(Pictures with short captions)

----

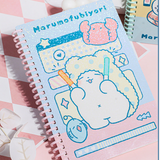 Marumofubiyori A5 Coil Notebook SL941009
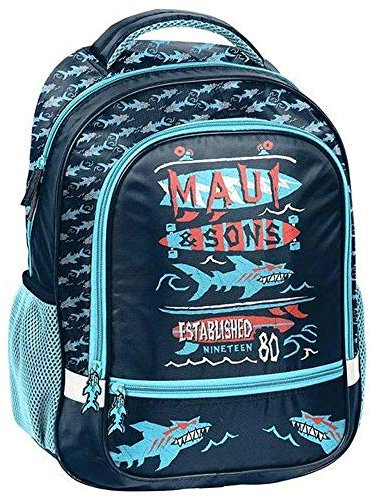 Factory CR Rucksack, 43 cm, Casual, 40 cm, 22 Liter, Mehrfarbig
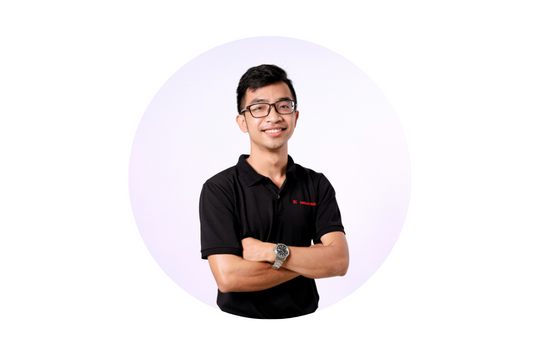 Anh Dương Mạnh Hà, Sales Engineer tại HELUKABEL Việt Nam.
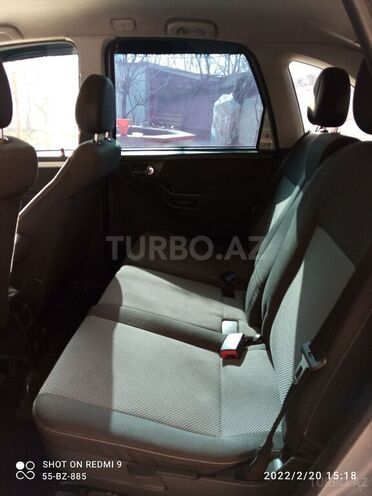 Opel Meriva 2006, 261,318 km - 1.4 l - Şəki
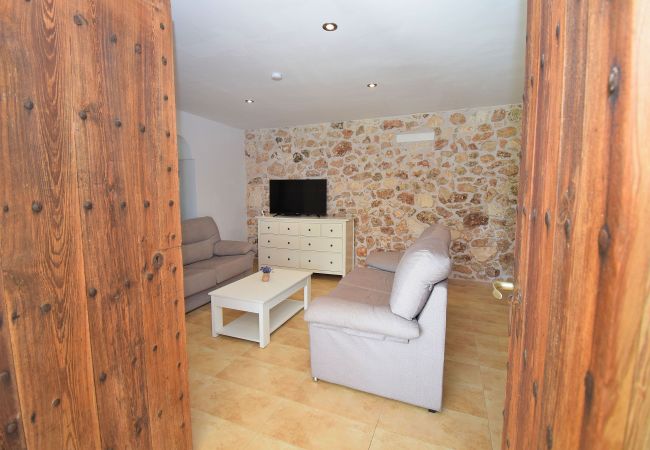 Finca in Muro - 108 Finca Son Morey Tarongers ETV/14340 by Mallorc Finca in Muro - 108 Finca Son Morey Tarongers ETV/14340 by Mallorc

----

- _ASSIGNMENT_: Transcribe, from the records above, the first line and every line after it up to and including the line with "Opel Meriva 2006, 261,318 km - 1.4 l - Şəki"; omit pictures.

- _OUTPUT OF THE TASK_:
 Marumofubiyori A5 Coil Notebook SL941009
 Factory CR Rucksack, 43 cm, Casual, 40 cm, 22 Liter, Mehrfarbig
 Anh Dương Mạnh Hà, Sales Engineer tại HELUKABEL Việt Nam.
 Opel Meriva 2006, 261,318 km - 1.4 l - Şəki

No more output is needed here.